To add to these difficulties, by 1910, almost all Reserves of the South-east Queensland were closed and their lands opened to settlement. Gubbi Gubbi people from Buderim and elsewhere who had been living not too far away in these Reserves were now dumped much further afield - usually at Taroom Reserve or Cherbourg (near Murgon) or even Palm Island in North Queensland.  The reserves forbade Indigenous custom and language and effectively cut people off from their families. 
Some of the Buderim Chillis were sent to Taroom Reserve, and despite their efforts to return, individuals like Henry Chilli ended their days there. In 1920, Charlie Brown – an Aboriginal working in Buderim – was removed after complaints about his affiliation with non-Aboriginal women (CPA Correspondence 40/744). That same year, Alice – a Gubbi Gubbi woman - was removed to Deebing Creek, simply for having married Jack Sandwich (a Kanaka). Their child was left in Jack’s custody.
Local Sunshine Coast farmers became unexpected allies to the Indigenous community in these difficult times.
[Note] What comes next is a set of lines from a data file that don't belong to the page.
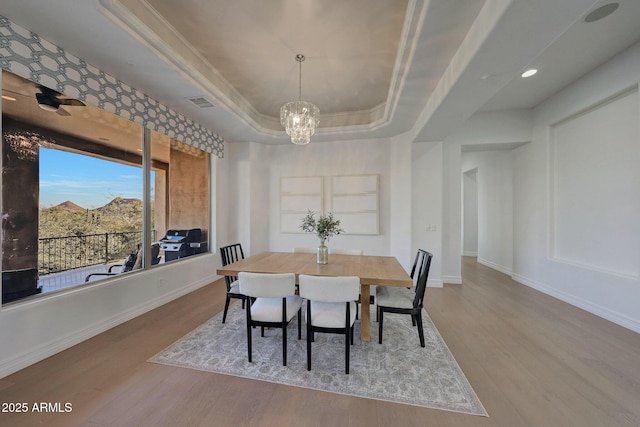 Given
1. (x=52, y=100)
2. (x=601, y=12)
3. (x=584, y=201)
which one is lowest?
(x=584, y=201)

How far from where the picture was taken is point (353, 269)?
8.18 ft

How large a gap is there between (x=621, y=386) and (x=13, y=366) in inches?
194

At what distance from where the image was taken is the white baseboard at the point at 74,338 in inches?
78.1

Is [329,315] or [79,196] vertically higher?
[79,196]

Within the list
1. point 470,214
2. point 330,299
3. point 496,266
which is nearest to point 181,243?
point 330,299

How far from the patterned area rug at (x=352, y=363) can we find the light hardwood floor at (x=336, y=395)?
0.28 ft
They pestering the authorities to permit the Chillis, Muckans and others to return to live and work in Buderim under their employ (HOMJ2150-370). Others hid their Aboriginal workers whenever ‘authorities’ turned up to remove them.  A good instance of this was the ten or so Aborigines and Aboriginal-Kanaks (some from Buderim) who managed to keep working and living near the Lows in Yandina during the 1900s – 1910s (Blyth 1994: 13, 32).  Thus "removal" - despite its finality - was a slow and at times ineffective process, with individuals and families escaping the system in fits and starts right up to its demise in the 1960s.
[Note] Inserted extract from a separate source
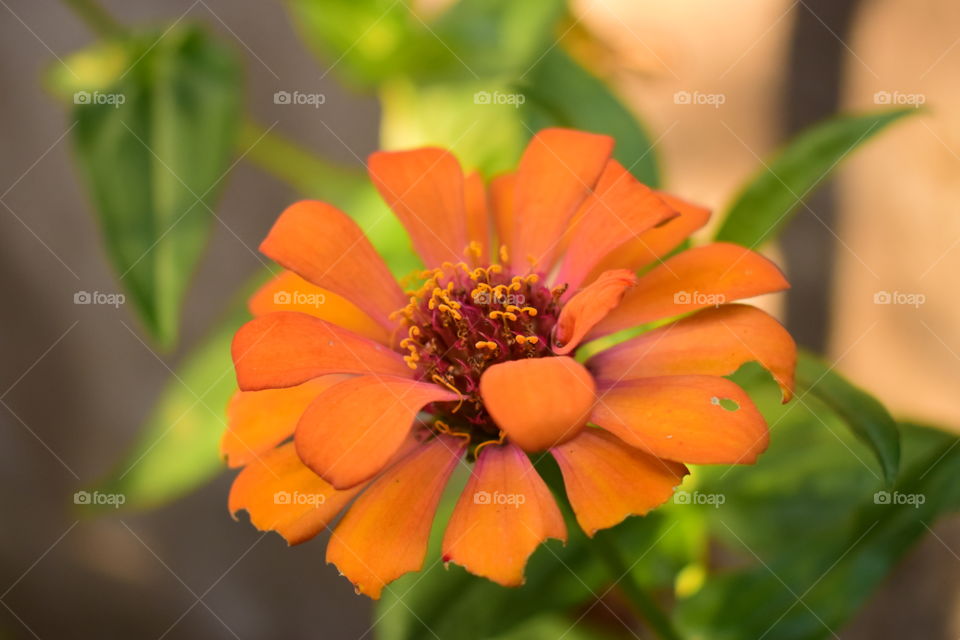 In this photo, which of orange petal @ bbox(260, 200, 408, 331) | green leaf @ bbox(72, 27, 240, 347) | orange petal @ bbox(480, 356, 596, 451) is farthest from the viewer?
green leaf @ bbox(72, 27, 240, 347)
Ironically, the Act also brought ‘fresh blood’ (non-Gubbi Gubbi Aborigines) into Buderim and neighbouring areas during the 1910s-1920s.  Farmers of the district requested the services of Aborigines from the Reserves as farmhands and domestics. At Mooloolah, Aboriginal youth were employed to clear lantana and peach (for instance, at Paget's and Smith's) (HOM J2150-370), whilst the Buderim Aboriginal community saw new members such as Jimmy Blackboy ('Blackie'). Evidently he was hardly alone, as reports speak of his fights with “other coloured men" at Buderim (JUS/n619/16/609).